GRADUATION & NEW LIFE

Commencement 

JoAnna Bennett

JoAnna Bennett, O’Brien Communications Group

27 June 2019

This past Tuesday evening, I had the pleasure of attending a high school commencement ceremony. More than 500 young adults were beginning a distinctly new chapter of life. Watching them melt in the June heat under long sleeved gowns and caps, I couldn’t help but think about new life and the promises that late spring and early summer bring each year. While setting my eyes on a new life last June, I recalled the moment I wrote, “The smell, the overwhelming joy, the peaceful quiet, and soft baby skin has to change you. It forces you to reflect on your own life — to think of where you are, how you got there, and if you belong.”
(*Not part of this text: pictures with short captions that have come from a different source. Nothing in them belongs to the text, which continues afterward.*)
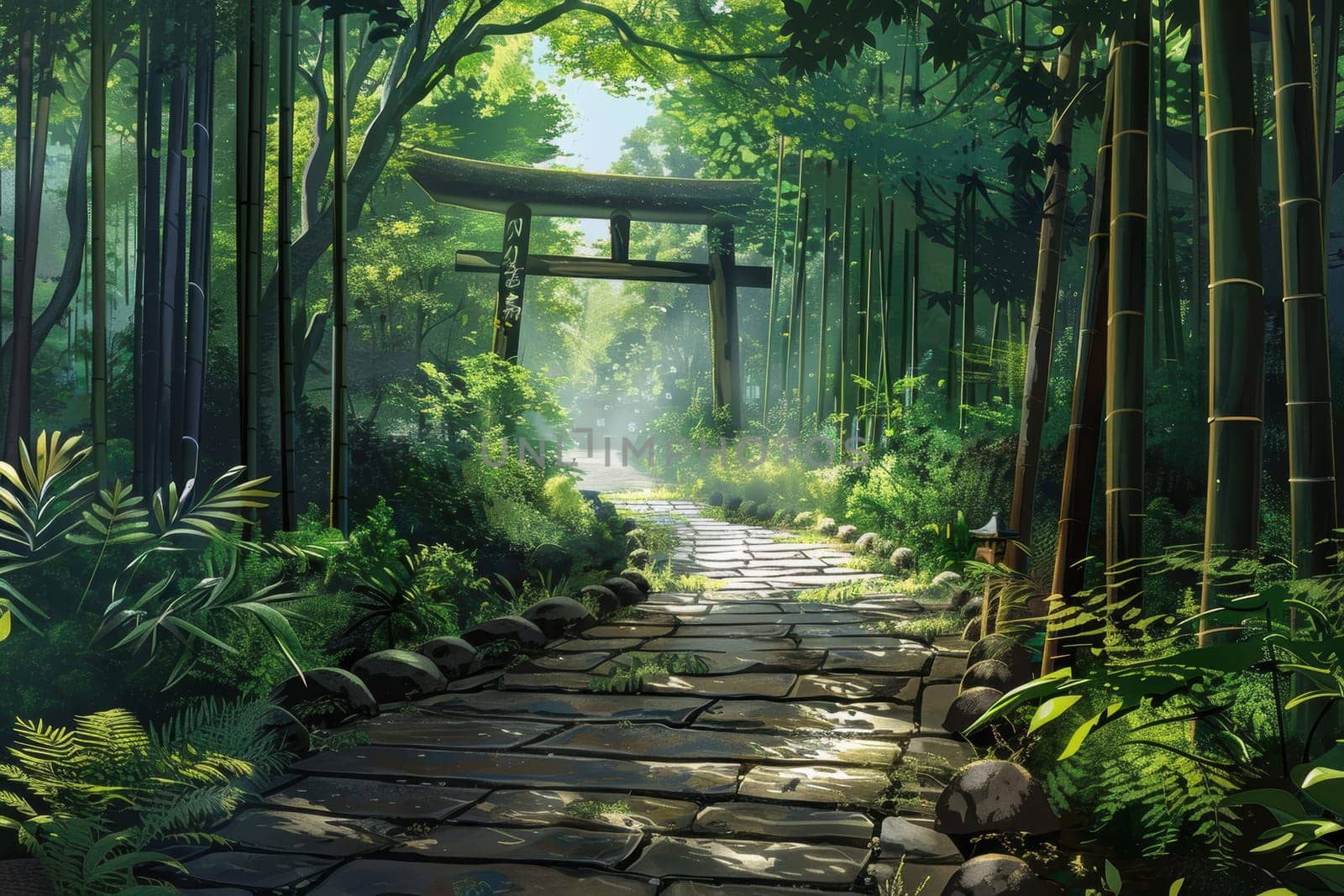 Journey through a serene bamboo forest, where a stone pathway gently guides you to a traditional wooden gate. surrounded by verdant foliage and bathed in soft light, the scene evokes a sense of tranquility and adventure.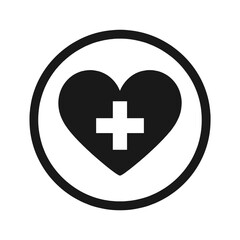 Obraz premium Heart icon with cross on white background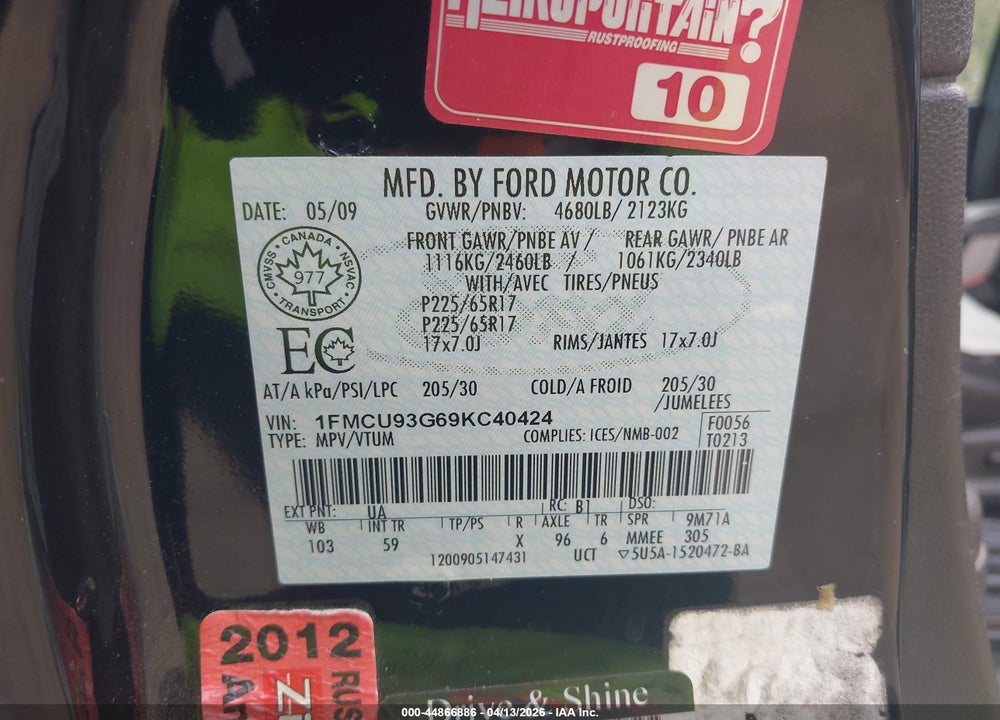2009 FORD ESCAPE XLT VIN: 1FMCU93G69KC40424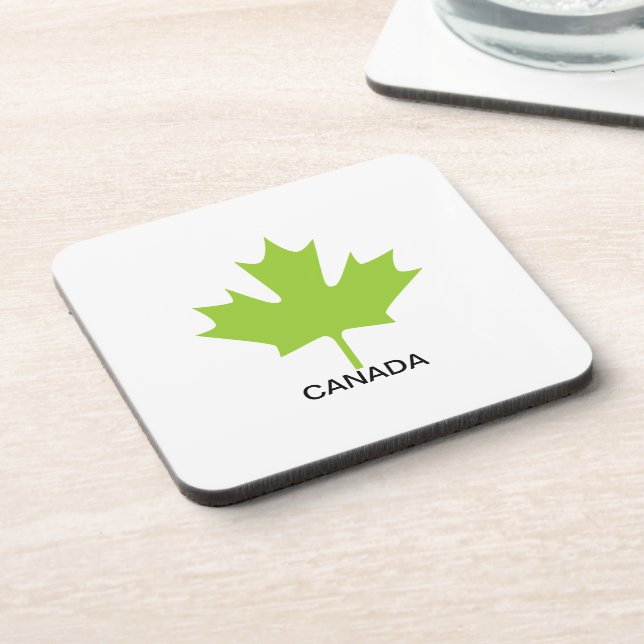 Green Maple Leaf Canada Beverage Coaster (Left Side)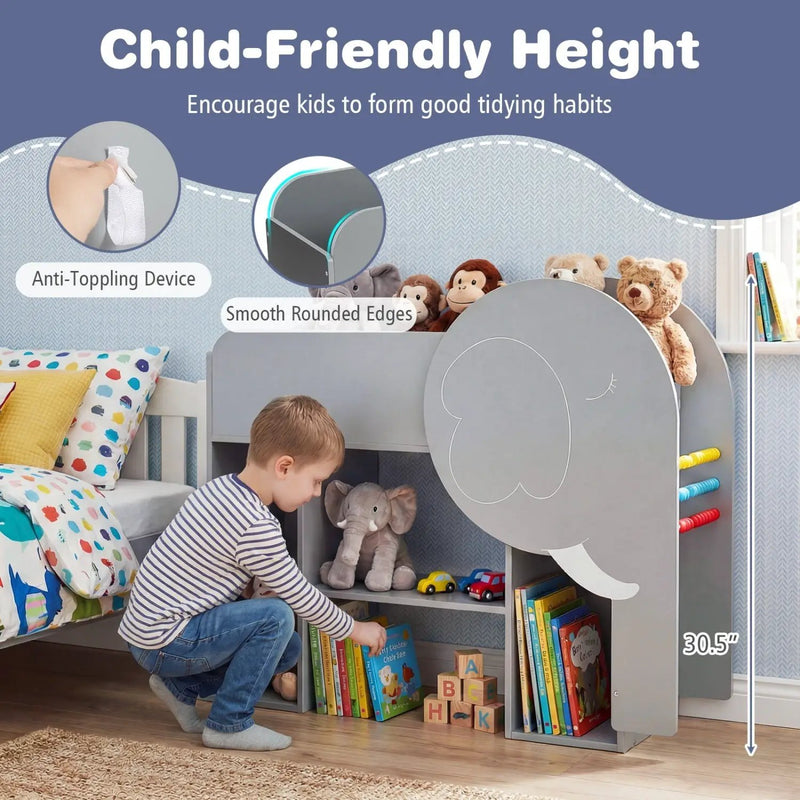 Montessori Bookshelf with Elephant Shape 3-Tier Toddler Toy Storage Organizer-Grey by DirectDeals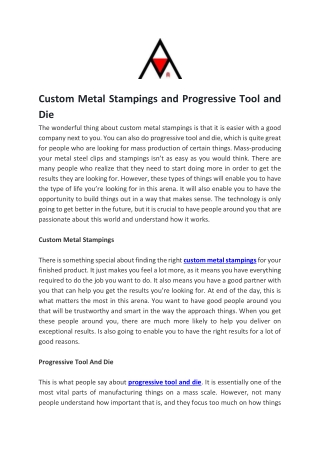 Custom Metal Stampings and Progressive Tool and Die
While the smells, sounds, and feelings were a bit different watching the sea of graduates walk across the stage, the reflection was eerily similar. It made me think about the progress I’ve made since I sat in a flock of my peers anxiously awaiting my name to be called so I could pose for the camera and start my new life. As a seventeen-year-old high school senior awaiting my freshman year of college to start, I recall being self-assured and righteous. I had a decent GPA and was accepted into the only university I applied to. I had friends at my side, and life seemed to be unfolding as I’d always dreamed it would.

Fast forward seventeen years.

Though it may not seem like progress, I’m going in the opposite direction. I’ve learned many hard lessons. And while I may be more self-aware, I’m much less righteous and self-assured. I’ve accepted that friends may come and go, but true connections require much less work. And most important, when life doesn’t unfold the way you’ve planned, it’s not always a bad thing. Progress should always come before perfection.
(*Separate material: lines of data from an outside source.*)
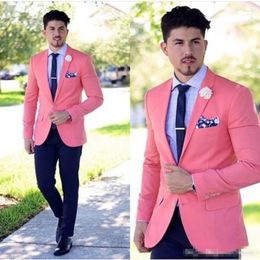 Men's Suits Handsome Bridegroom Men Suit Set Slim Fit Man Groom Tuxedos Prom Wedding Groomsmen Casual Pink Blazers (Jacket Pants)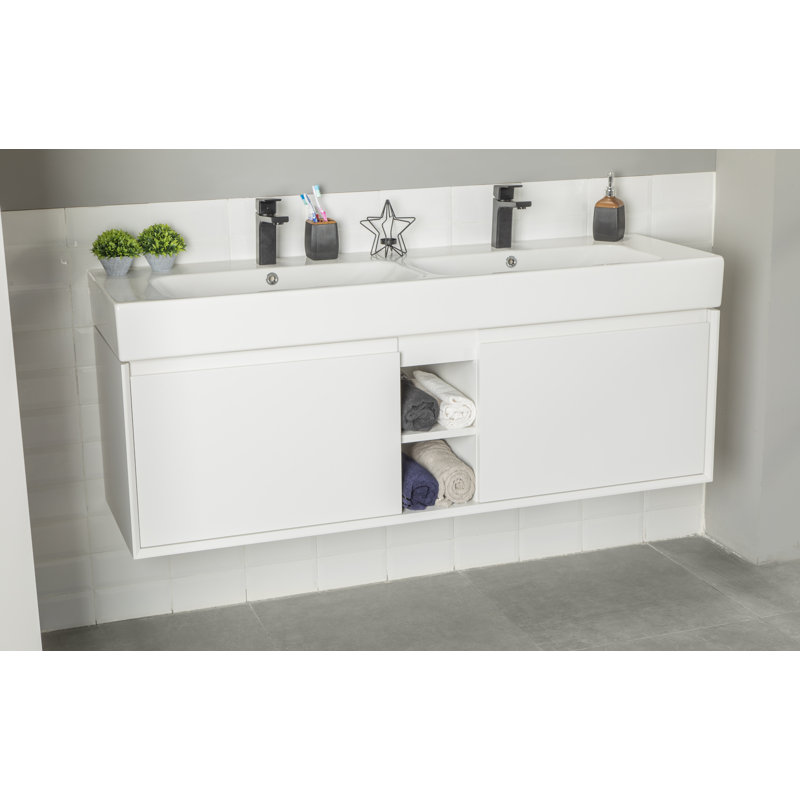 Meuble-lavabo blanc Isla, Blanc / Blanc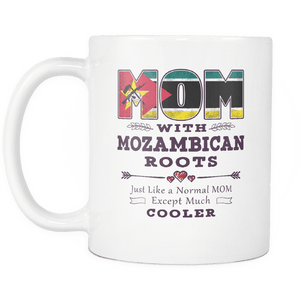 RobustCreative-Best Mom Ever with Mozambican Roots - Mozambique Flag 11oz Funny White Coffee Mug - Mothers Day Independence Day - Women Men Friends Gift - Both Sides Printed (Distressed)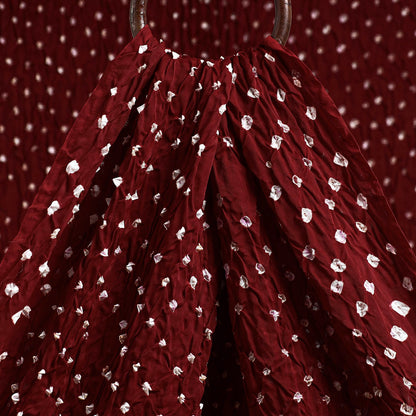 Maroon Kutch Bandhani Tie-Dye Modal Silk Fabric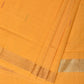 Yellow Khadi Cotton Handloom Saree with Buta and Strip Pallu Design - Global Threads | Swadesiicart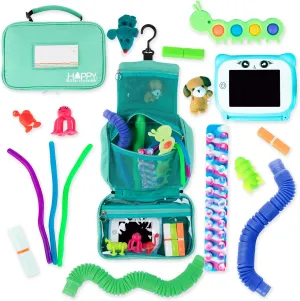 Travel Essentials for Kids – All-in-One Activity Kit for Travel, Road Trip Activities for Kids - Hanging Bag, Includes Toys and Activities for Airplanes, Hotels - Boys & Girls 1-3 Years (Seafoam)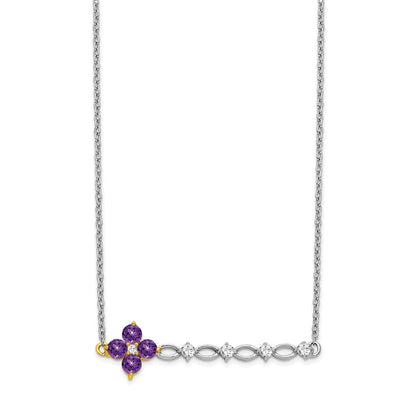 14K Bicolor Gold Amethyst und Echt Diamant 18 Zoll. Blumen Stab Halskette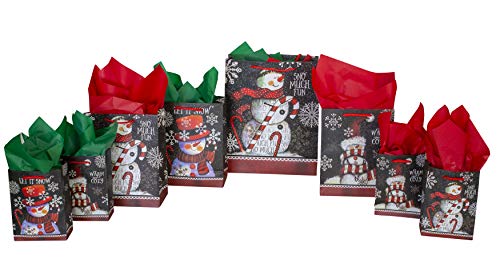 42-Pc. Chalkboard Snowman Gift Bag Set - Unique Winter Christmas Design for Kids and Adults - 14 Small, Medium, and Large Bags with 28 Red and Green Tissue Papers - Best for Presents and Party Favors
When thinking about my own commencement, I’m proud to be where I am, I’m grateful for the mistakes I’ve made along the way, and I most certainly belong right here, right now. Life won’t always pan out the way you’ve hoped and if you force it, you’ll only end up disappointed. I’ve learned to ride the proverbial wave and continue to get up after any fall – no matter how brutal.

To quote Dumbledore in the Harry Potter series, “It does not do to dwell on dreams and forget to live.”